Kingfisher confident on full-year targets after resilient Q1

Kingfisher said it remains on track to deliver its full-year guidance after a resilient first quarter, despite softer consumer demand and a delayed start to spring affecting seasonal sales and store footfall.

In its Q1 trading update, the company reported that underlying like-for-like sales declined 0.7% in the three months to 30 April against a strong comparative period, while total sales including marketplace gross merchandise sales rose 0.8%.

The group, which operates more than 1,800 stores across seven European countries under brands including B&Q and Screwfix, said its core product categories remained resilient, supported by strong growth in trade and e-commerce operations.

Trade sales excluding Screwfix increased 17%, taking group trade sales penetration to 31%. E-commerce sales excluding Screwfix rose 14%, with online penetration reaching 22%. Marketplace gross merchandise volume climbed 39% to £163m. The company also opened five new stores during the quarter, including the first standalone TradePoint branch.

In the UK and Ireland, the wider market declined by low single digits during the quarter. B&Q reported total sales including marketplace down 1.3%, with like-for-like sales falling 4.1% due to weaker seasonal demand linked to poor weather conditions.

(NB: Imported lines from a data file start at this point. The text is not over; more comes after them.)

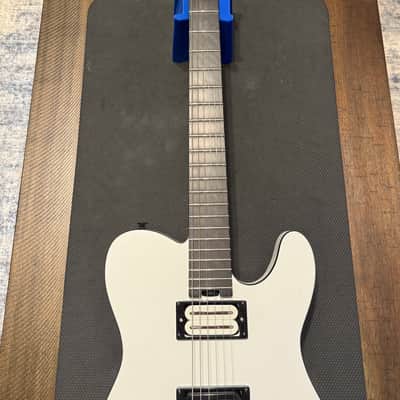 Charvel Joe Duplantier Signature Pro-Mod San Dimas Style 2 HH 2017 - Present Satin White image 3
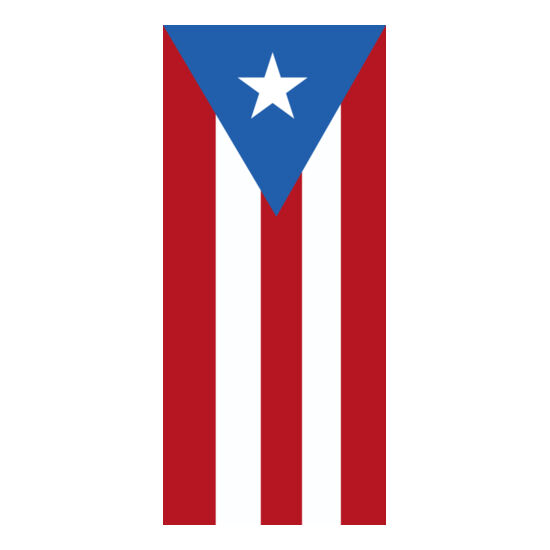 B6038 Puerto Rican Flag Thumbnail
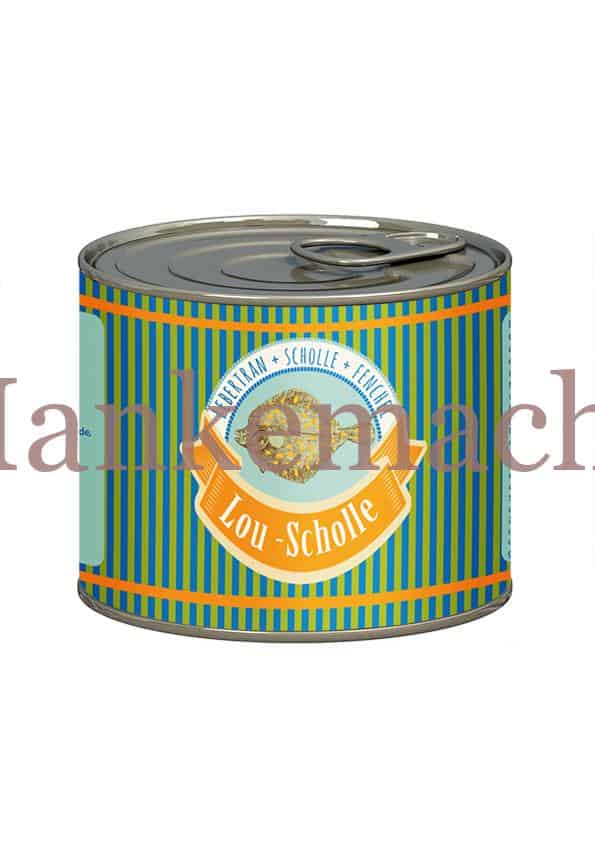 Lou Katzenfutter Dose Scholle, 200g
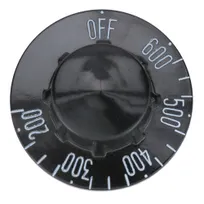 product of AllPoints 8007958 600 Degree Thermostat Knob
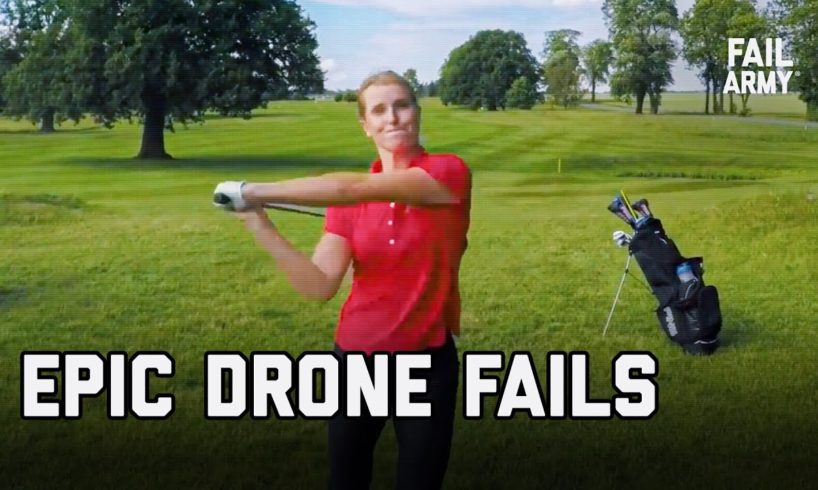 Epic Drone Fails - Top 40 Drone Fails of All Time | FailArmy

Chief executive officer, Thierry Garnier, said the business had delivered a solid start to the year, gaining market share in a challenging retail environment.

"We delivered a resilient start to the year, executing well and gaining market share against a soft market backdrop," said Garnier.

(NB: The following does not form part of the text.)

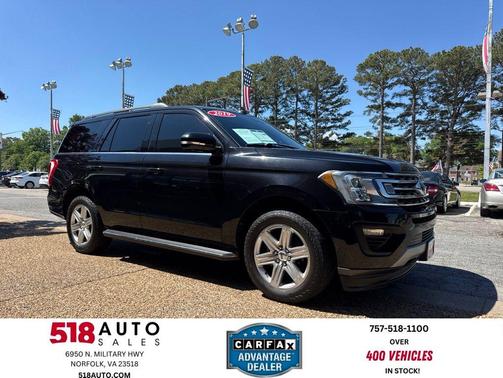 Agate Black Metallic 2019 Ford Expedition XLT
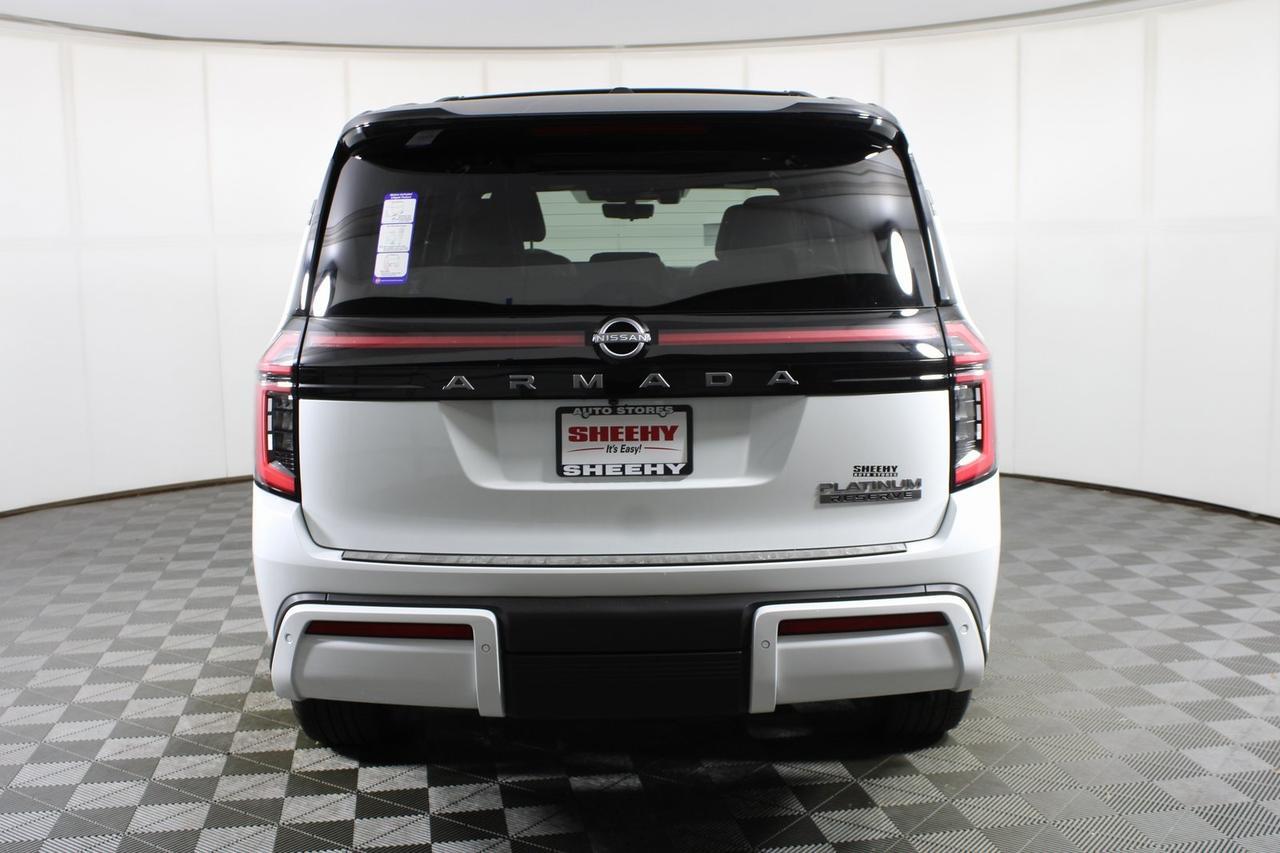 2025 Nissan Armada Platinum Reserve Manassas VA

"While mindful of the consumer environment, we remain absolutely focused on delivering our strategy, disciplined gross margin and cost management, and consistent shareholder returns. We are confident in achieving our full-year guidance and are well positioned to capitalise on the attractive long-term growth opportunities across our markets."

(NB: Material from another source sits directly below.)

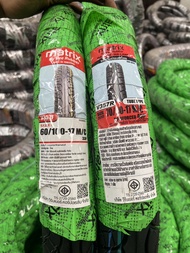 ยางนอกมอเตอร์ไซค์ Matrix By Vee rubber V357 ขนาด 60/100-17 ปี24 + 70/90-17ปี23 TT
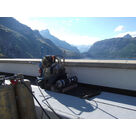 &Eacute;tanch&eacute;it&eacute; par feuille bitumeuse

For the full financial year, Kingfisher reiterated guidance for adjusted pre-tax profit of approximately £565m to £625m and free cash flow of £450m to £510m.

The group expects around 1% sales growth from additional retail space, mainly across Screwfix UK & Ireland, B&Q and Castorama Poland. Net finance costs are expected to rise to around £105m, while capital expenditure is forecast at approximately £400m. The company also confirmed that its ongoing £300m share buyback programme remains in place.

Following the update, shares in Kingfisher increased by over 4%.

Investment director at AJ Bell, Russ Mould, said that investors have reacted with "considerable relief" to the latest update.

He concluded: "Blaming the weather for weak trading is often seen in the ‘dog ate my homework’ category of excuses by the market, but the fact it has not forced any downgrades means Kingfisher has kept investors on side.

"Among the areas of positivity is the continued strong growth in the Screwfix business. Kingfisher, like several of its peers, is pursuing trade customers who are often more reliable and consistent sources of revenue than ordinary consumers. That’s because materials and tools are not a nice-to-have for them but essential to their day job.

"This strategy is paying off in spades as the company makes market share gains. These sales could become increasingly important as pressures on consumer spending build, although as well as putting people off DIY projects, the do-it-for-me work on which its trade buyers rely may also suffer against a difficult backdrop."